* **Problem statement**
Output the whole listing exactly, except for the pictures in it.

* **Collected data**
______________________________

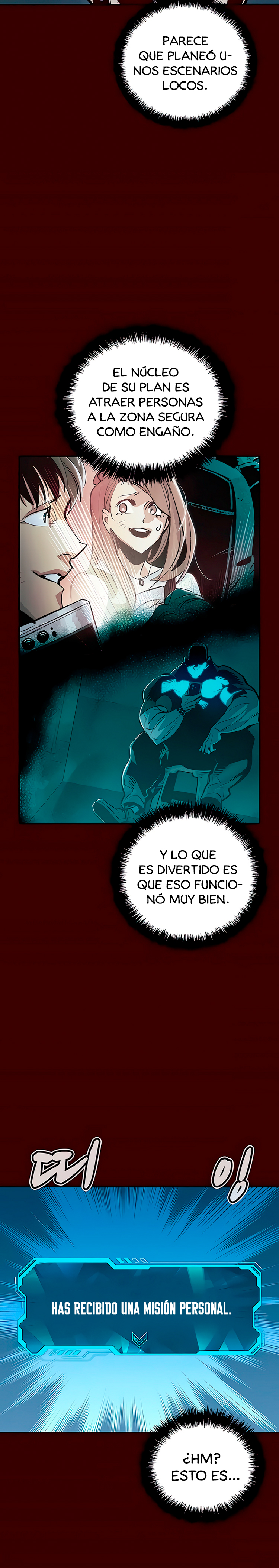 Nigromante en Solitario Capitulo 25 página 36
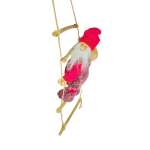 Red Santa Climbing 30CM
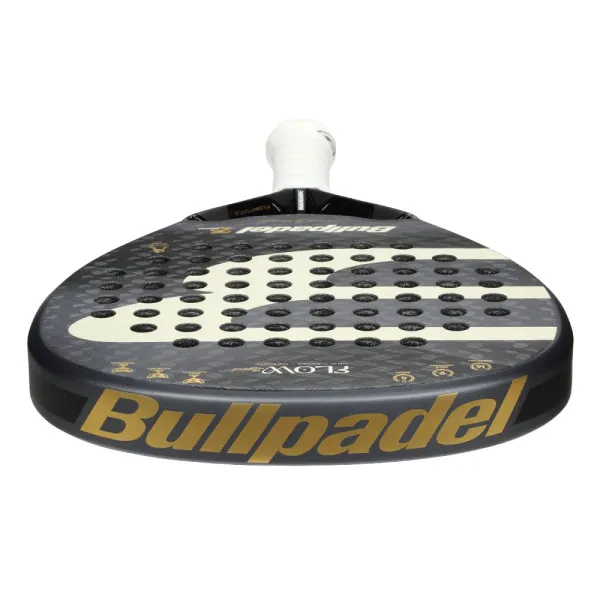 Ракетка для падела BULLPADEL Flow Legend, 494405, для профессионалов, стекловолокно,черно-белый за 31&nbsp;307.20 ₽ в Ярославле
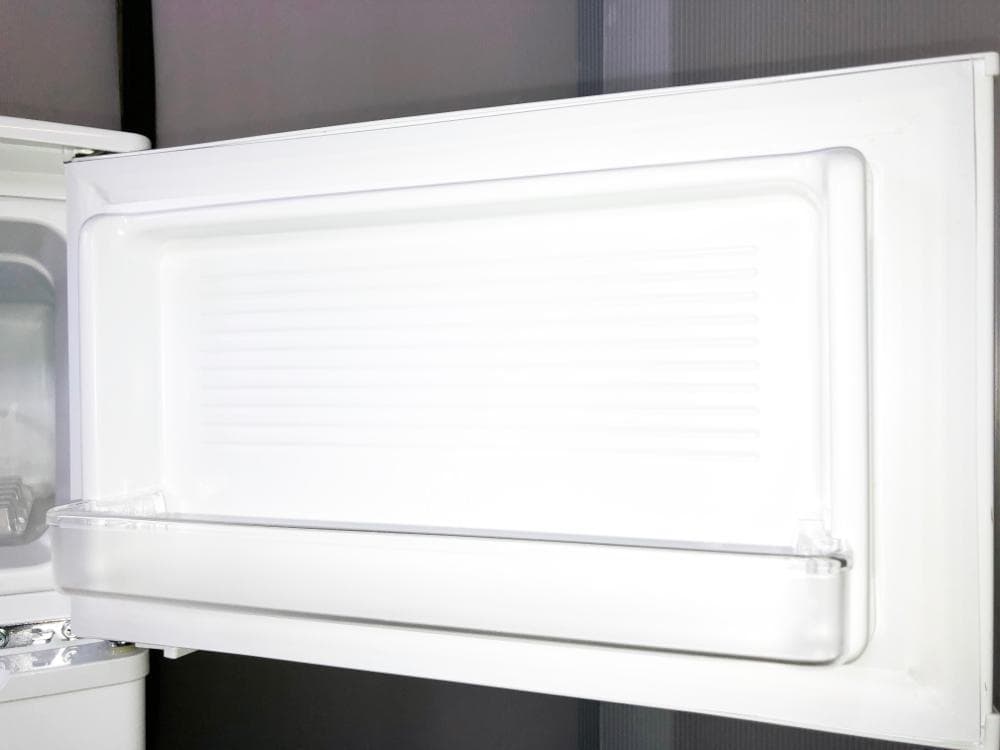 送料無料★COMFEE 90L 2ドア冷蔵庫【RCT90WH/E】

______________________________

* **Task result**
 Nigromante en Solitario Capitulo 25 página 36
 Red Santa Climbing 30CM
 Ракетка для падела BULLPADEL Flow Legend, 494405, для профессионалов, стекловолокно,черно-белый за 31&nbsp;307.20 ₽ в Ярославле
 送料無料★COMFEE 90L 2ドア冷蔵庫【RCT90WH/E】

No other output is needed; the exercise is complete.